A kini, also known as a slammer, is a metal or hard plastic disc about the
size of a half-dollar. Kinis generally sell for $1 to $7. Some of the more expensive kinis have holograms of dinosaurs in the middle.
Steve Rush, 13, of Langhorne, carries in his pocket a brass kini with a three-dimensional baseball glove and bat in the center. Janelle Vansant, 12, of Levittown, sent away for a kini picturing O.J. Simpson.
A pog, as the most-famous brand of bottle caps is called, is similar in shape and size to the old paper caps that topped milk bottles before the introduction of the cardboard milk container in the 1960s. They're decorated on one side with pictures - sparkling skulls and monsters or shiny teddy bears and Disney characters.
The World Pog Federation, based in Costa Mesa, Calif., calls its product ''the old-fashioned game of the future."
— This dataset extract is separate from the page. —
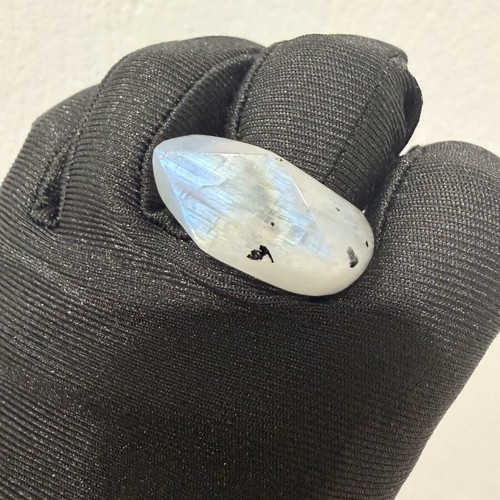 Moonstone ring carved from a single natural piece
According to information provided by the federation, the game originated in the 1920s when a Maui dairy and juice maker sealed its passion fruit-orange- guava drink with cardboard milk caps - hence the acronym pog. Children across Hawaii turned the caps into a game. A Hawaiian schoolteacher pumped new life into the game in 1991, using pogs for classroom activities.
Alan F. Rypinski, the entrepreneur who founded the Armor All Co., bought the juice company in 1993. He set up the World Pog Federation, which sells pog products and licenses pog tournaments, such as the one held at the Oxford Valley Mall.
Pogs are used for playing about 100 different milk-cap games, some of which are reminiscent of jacks, marbles and penny-pitching. In the basic game, kids place a kini on their outstretched index and middle fingers. Then they slam the kini into a stack of 11 caps, trying to overturn them. In a two-person match, each player repeats the action until one player overturns six caps and is declared the winner.
"This is by far the hottest kids' trend to come along in a while," said Howard Henschel, president of Norman Group Inc., owner of Norman's and Giggles stores in the Oxford Valley Mall and sponsor of Sunday's competition. "On a scale of 1 to 10, if Hula Hoop was a 10, this is a 50."
Norman Group's tournament on a snowy afternoon drew about 150 kids who would agree. Lindsey Cole, 11, was one of them. She's been playing pogs since the summer, when her father, wholesaler Jeff Cole, started selling them.
Jeff Cole said he took a chance on pogs after a California manufacturer told him about the game's popularity on the West Coast. He said that initially it took a bit of explaining to retailers, but within months the product was almost selling itself.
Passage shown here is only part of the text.